Постановление Правительства Российской Федерации от 1 ноября 2012 г. № 1119 «Об утверждении требований к защите персональных данных при их обработке в информационных системах персональных данных» устанавливает необходимость определения уровня защищенности персональных данных при их обработке в информационных системах персональных данных.

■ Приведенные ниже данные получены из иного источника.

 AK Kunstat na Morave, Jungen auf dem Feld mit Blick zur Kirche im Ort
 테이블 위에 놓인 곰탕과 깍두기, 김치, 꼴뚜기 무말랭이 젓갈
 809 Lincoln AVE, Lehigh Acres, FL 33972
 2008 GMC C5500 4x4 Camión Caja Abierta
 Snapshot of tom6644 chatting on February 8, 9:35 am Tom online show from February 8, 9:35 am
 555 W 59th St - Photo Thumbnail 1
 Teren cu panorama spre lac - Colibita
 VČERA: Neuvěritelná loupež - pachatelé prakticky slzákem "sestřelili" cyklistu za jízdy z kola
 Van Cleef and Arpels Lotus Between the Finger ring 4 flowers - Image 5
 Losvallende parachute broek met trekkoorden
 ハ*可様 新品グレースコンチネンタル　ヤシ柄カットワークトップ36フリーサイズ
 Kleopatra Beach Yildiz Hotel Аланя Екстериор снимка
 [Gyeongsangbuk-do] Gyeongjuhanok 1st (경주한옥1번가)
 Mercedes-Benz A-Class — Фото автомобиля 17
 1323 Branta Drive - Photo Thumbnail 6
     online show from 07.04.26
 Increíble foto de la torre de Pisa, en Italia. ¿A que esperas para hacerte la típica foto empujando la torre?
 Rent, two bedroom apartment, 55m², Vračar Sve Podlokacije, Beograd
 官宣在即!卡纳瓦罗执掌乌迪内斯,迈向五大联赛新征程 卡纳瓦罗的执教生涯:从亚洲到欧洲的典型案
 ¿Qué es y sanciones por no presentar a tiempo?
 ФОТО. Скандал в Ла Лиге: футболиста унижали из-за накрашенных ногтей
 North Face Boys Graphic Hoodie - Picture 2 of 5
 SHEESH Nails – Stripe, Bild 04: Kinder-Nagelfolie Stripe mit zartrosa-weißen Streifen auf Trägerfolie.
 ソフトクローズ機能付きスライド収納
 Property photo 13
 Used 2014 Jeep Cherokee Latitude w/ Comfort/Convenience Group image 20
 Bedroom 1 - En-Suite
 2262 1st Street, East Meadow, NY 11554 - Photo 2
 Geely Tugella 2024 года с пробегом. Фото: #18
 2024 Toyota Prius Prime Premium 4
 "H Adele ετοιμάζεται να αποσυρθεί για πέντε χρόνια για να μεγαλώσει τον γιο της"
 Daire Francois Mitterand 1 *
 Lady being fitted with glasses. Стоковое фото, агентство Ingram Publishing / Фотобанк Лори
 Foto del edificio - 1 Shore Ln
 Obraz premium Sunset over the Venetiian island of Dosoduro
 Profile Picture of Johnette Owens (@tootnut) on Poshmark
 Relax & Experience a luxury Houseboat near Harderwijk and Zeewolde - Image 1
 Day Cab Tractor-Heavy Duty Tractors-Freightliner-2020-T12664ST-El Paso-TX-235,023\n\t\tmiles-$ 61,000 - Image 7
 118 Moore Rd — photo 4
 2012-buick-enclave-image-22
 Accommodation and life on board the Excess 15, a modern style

Классификация ИСПДн по категории обрабатываемых ПДн:

Согласно п.5. Постановления Правительства Российской Федерации от 1 ноября 2012 г. № 1119 г. Москва "Об утверждении требований к защите персональных данных при их обработке в информационных системах персональных данных":

  • Информационная система является информационной системой, обрабатывающей специальные категории персональных данных, если в ней обрабатываются персональные данные, касающиеся расовой, национальной принадлежности, политических взглядов, религиозных или философских убеждений, состояния здоровья, интимной жизни субъектов персональных данных.
  • Информационная система является информационной системой, обрабатывающей биометрические персональные данные, если в ней обрабатываются сведения, которые характеризуют физиологические и биологические особенности человека, на основании которых можно установить его личность и которые используются оператором для установления личности субъекта персональных данных, и не обрабатываются сведения, относящиеся к специальным категориям персональных данных.
  • Информационная система является информационной системой, обрабатывающей общедоступные персональные данные, если в ней обрабатываются персональные данные субъектов персональных данных, полученные только из общедоступных источников персональных данных, созданных в соответствии со статьей 8 Федерального закона «О персональных данных».
  • Информационная система является информационной системой, обрабатывающей иные категории персональных данных, если в ней не обрабатываются персональные данные, касающиеся расовой, национальной принадлежности, политических взглядов, религиозных или философских убеждений, состояния здоровья, интимной жизни субъектов персональных данных, не обрабатываются сведения, которые характеризуют физиологические и биологические особенности человека, на основании которых можно установить его личность и которые используются оператором для установления личности субъекта персональных данных и не обрабатываются персональные данные субъектов персональных данных, полученные только из общедоступных источников персональных данных, созданных в соответствии со статьей 8 Федерального закона «О персональных данных».
  • Информационная система является информационной системой, обрабатывающей персональные данные сотрудников оператора, если в ней обрабатываются персональные данные только указанных сотрудников. В остальных случаях информационная система персональных данных является информационной системой, обрабатывающей персональные данные субъектов персональных данных, не являющихся сотрудниками оператора.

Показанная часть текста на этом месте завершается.